Over the moon, would be the best way to describe Joji Marau’s emotion. The head of School of Mechanical Engineering – Higher Education, of the College of Engineering, Science and
27 Mar 2016 08:56
Going To London To See The Queen
University of East Anglia in United Kingdom’s Professor Steven Hooper (Left), and Fiji National University head of School of Mechanical Engineering- Higher Education Joji Narau. Photo Fiji National University

Over the moon, would be the best way to describe Joji Marau’s emotion.

The head of School of Mechanical Engineering – Higher Education, of the College of Engineering, Science and Technology at the Fiji National University is still coming to terms with the exciting news.

He will be meeting Queen Elizabeth II, at her home town in Windsor Castle in the United Kingdom.

Mr Marau has been invited to attend the Queen’s 90th birthday celebrations to be held in May.

The man from Ogea Island in the Lau Group will be no ordinary guest.

He will be exhibiting this prestigious handiwork; the authentic traditional ‘drua’ Adi Eta, which will be one of the centre pieces during the birthday celebrations.

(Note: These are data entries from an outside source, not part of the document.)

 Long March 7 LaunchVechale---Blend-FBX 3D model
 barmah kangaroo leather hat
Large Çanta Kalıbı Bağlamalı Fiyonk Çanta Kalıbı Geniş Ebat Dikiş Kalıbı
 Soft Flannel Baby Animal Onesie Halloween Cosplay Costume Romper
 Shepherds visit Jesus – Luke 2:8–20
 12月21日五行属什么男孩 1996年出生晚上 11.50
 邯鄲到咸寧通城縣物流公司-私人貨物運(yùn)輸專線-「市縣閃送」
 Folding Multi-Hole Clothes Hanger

“I just can’t put in words to describe how I felt when I was given the news,” Mr Marau said.

“I never thought that I will be invited by the Queen for her birthday and to have my canoe displayed for the whole world to see. It’s indeed a great honour for me.”

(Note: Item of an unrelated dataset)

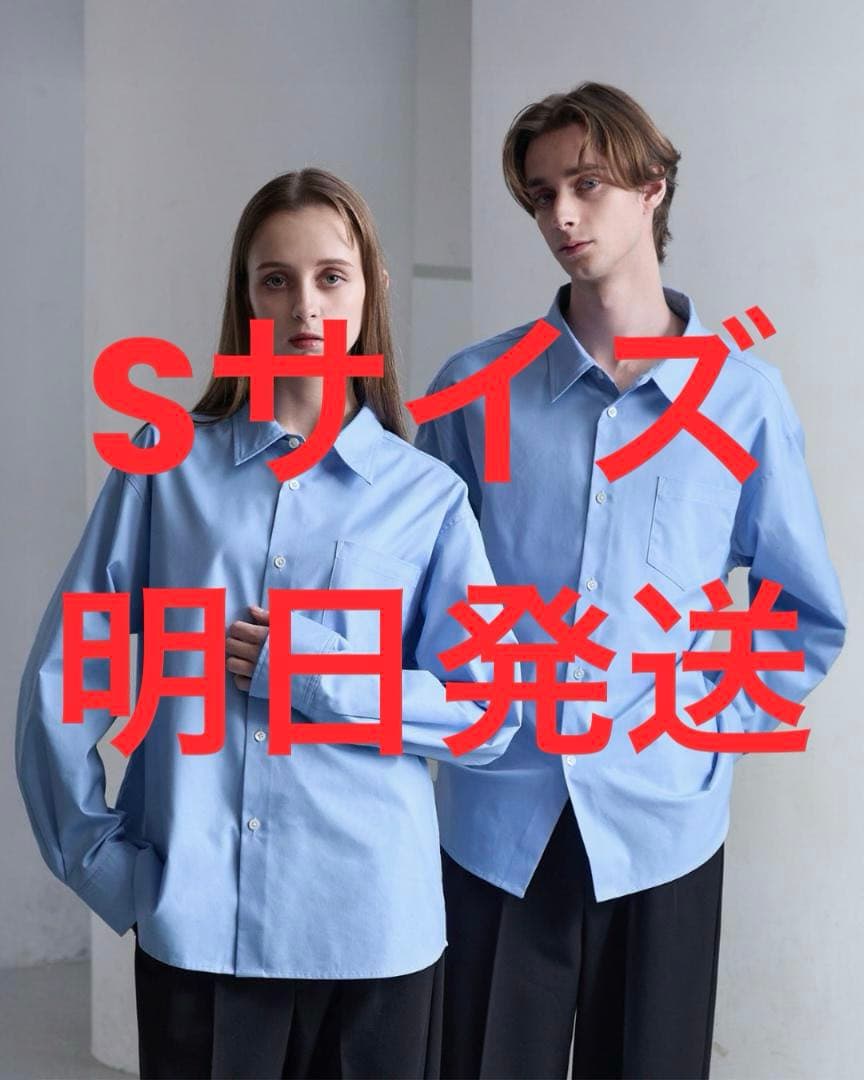 S ロイヤルオックスフォード レギュラーカラーシャツ サックスブルー ⑤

Designed and built by Mr Marau and four other craftsmen, Adi Eta will be the centrepiece to represent Fiji during the three day spectacle.

It was marked to celebrate another significant date in the Queen’s Reign.

We are one of four other countries from the Commonwealth invited to take part in the auspicious event.

When asked about his inspiration for his piece, Mr Marau said said canoeing was a hobby from a very young age.

In 2012, with the support of Fiji National University, he got his biggest breakthrough when FNU sponsored him in his research work to design and built a traditional canoe – Camakau.

This canoe was recognised globally featuring in the local newspapers and also in the New York Times.

“Canoes have always played an important role in the history of Fiji.

“Transportation from an island to another was only possible by sea and that with the use of canoes when the first settlers of Fiji arrived, however, with modernisation taking over, tradition and traditional means quickly died out, and canoe building and sailing was two of the unfortunate,” he said.

In 2014, he was approached by Professor Steven Hooper from the University of East Angli in the United Kingdom to work with a Non-Government Organisation in Germany in the designing and building of a two hull canoe to feature in an exhibition organised by the organisation. Thus, the birth of Adi Eta transpired.

Built in 2014, the druaAdi Eta  is said to be the only authentic traditional double hull canoe to have been built after the Ratu Finau, which is now kept and displayed at the Fiji National Museum.



Adi Eta, the double hull canoe stands at eight metres in length and 2.15metres in width and is made from Damanu tree from the interior of Viti Levu in Nakorosule, Naitasiri.

Due to unforeseen circumstance, Adi Eta was not exhibited at its planned venue, but it was not the end of the road for the double hull.

Adi Eta was then used locally in canoe racing where it hailed victory in the 2014 during the Hibiscus Canoe Race. In 2015, Adi Eta was used as a float by the Fiji Broadcasting Cooperation to transport their Queen for the Vodafone Hibiscus Festival.

As its success story continues, Adi Eta will now feature as Fiji’s display masterpiece at Queen Elizabeth’s Birthday Pageant scheduled from the 12 – 15 of May.

Proud of the achievement, Mr Marau said the passion and interest in traditional canoes has been revived.

“The successful completion of the making of the drua was a breakthrough in itself. Now with the pageant, it shows we have achieved what we started years ago and that was to revive traditional sailing,” he said.

The head of school said, the invitation from the UK brings him a lot of emotion and happiness because it shows they are interested.

“In designing Adi Eta we had to refer also to the libraries in London to help us because we don’t have records available locally on literature aspects in making a Drua. My four member team of craftsmen was too good because they knew exactly what they were doing.

In the final day of the pageant, the Queen, Members of the Royal Family, government and international delegations will tour and inspect the displays.

After the birthday celebration, Adi Eta will then be transported down to Norwich where it will be showcased in an exhibition later in August before it moves to its new home the National Maritime Museum, where it will be maintained and kept.